> ASSIGNMENT
From first line to last, transcribe the listing exactly and skip any image.

> DATA SECTION
■ ■ ■

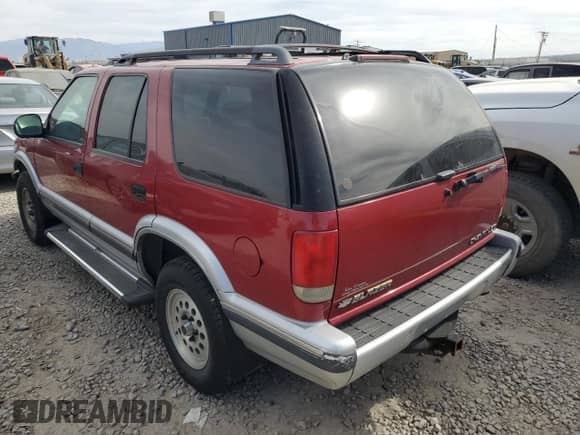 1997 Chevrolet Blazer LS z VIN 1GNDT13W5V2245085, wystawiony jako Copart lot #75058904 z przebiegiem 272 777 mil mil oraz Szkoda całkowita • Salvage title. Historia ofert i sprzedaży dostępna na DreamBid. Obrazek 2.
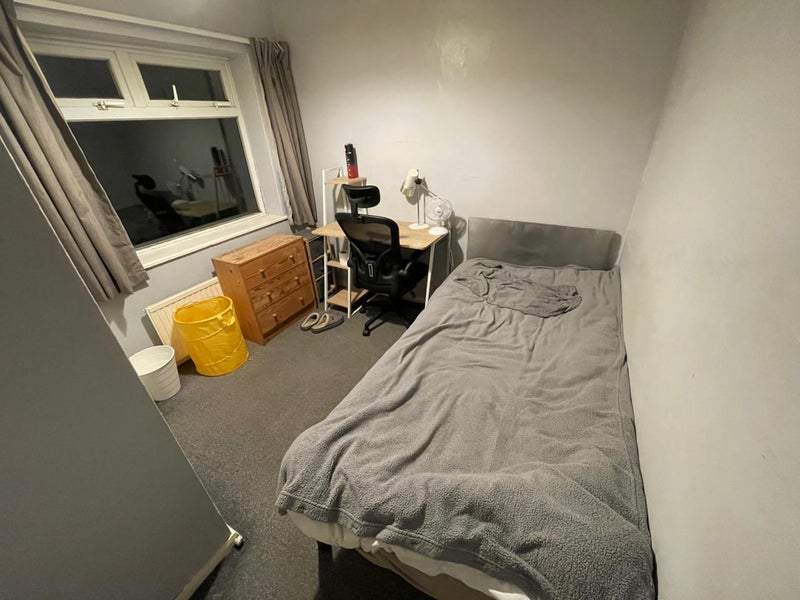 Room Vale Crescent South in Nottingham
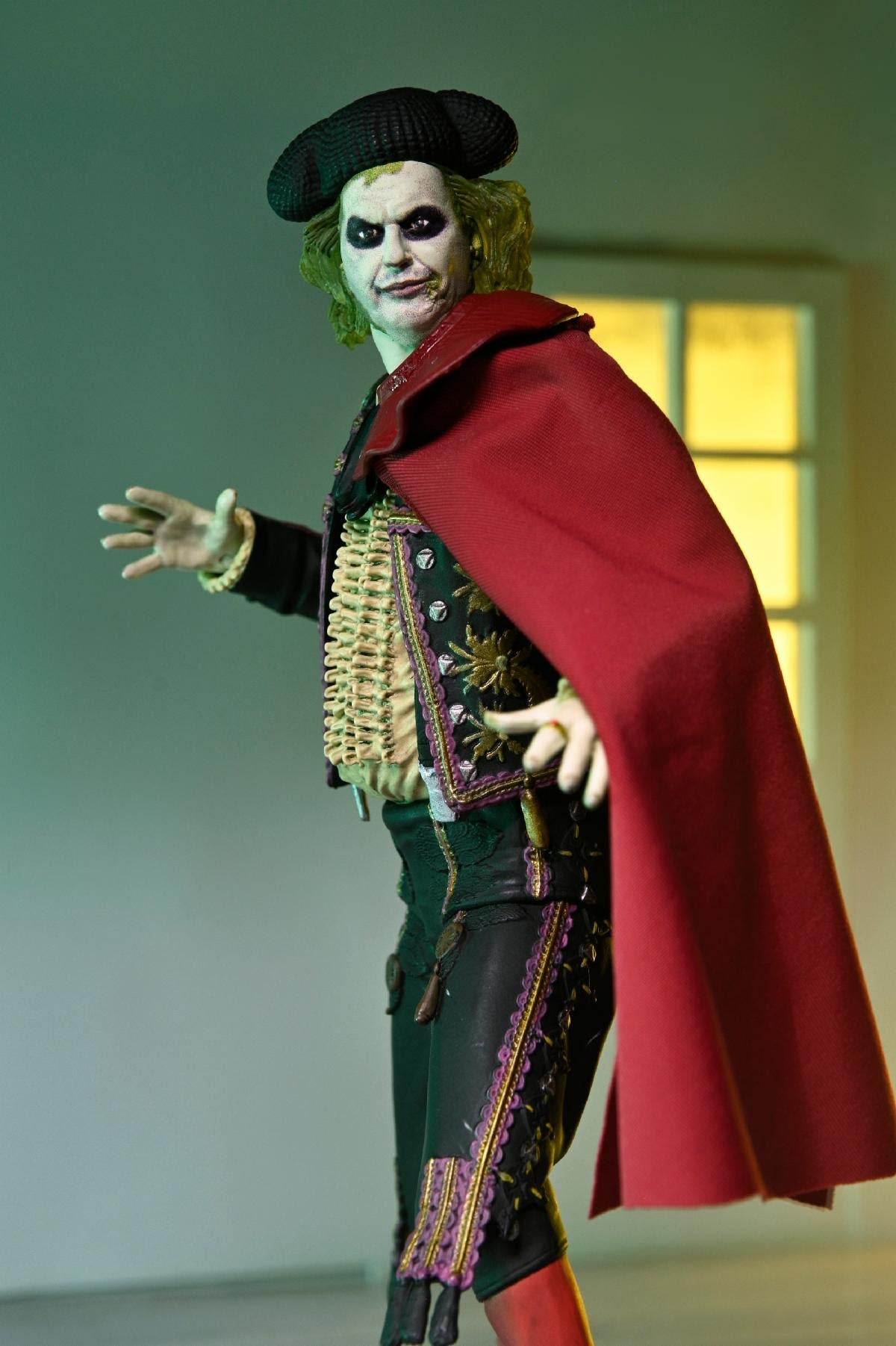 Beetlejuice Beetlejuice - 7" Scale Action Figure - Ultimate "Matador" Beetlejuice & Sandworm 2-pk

■ ■ ■

> TASK OUTPUT
 1997 Chevrolet Blazer LS z VIN 1GNDT13W5V2245085, wystawiony jako Copart lot #75058904 z przebiegiem 272 777 mil mil oraz Szkoda całkowita • Salvage title. Historia ofert i sprzedaży dostępna na DreamBid. Obrazek 2.
 Room Vale Crescent South in Nottingham
 Beetlejuice Beetlejuice - 7" Scale Action Figure - Ultimate "Matador" Beetlejuice & Sandworm 2-pk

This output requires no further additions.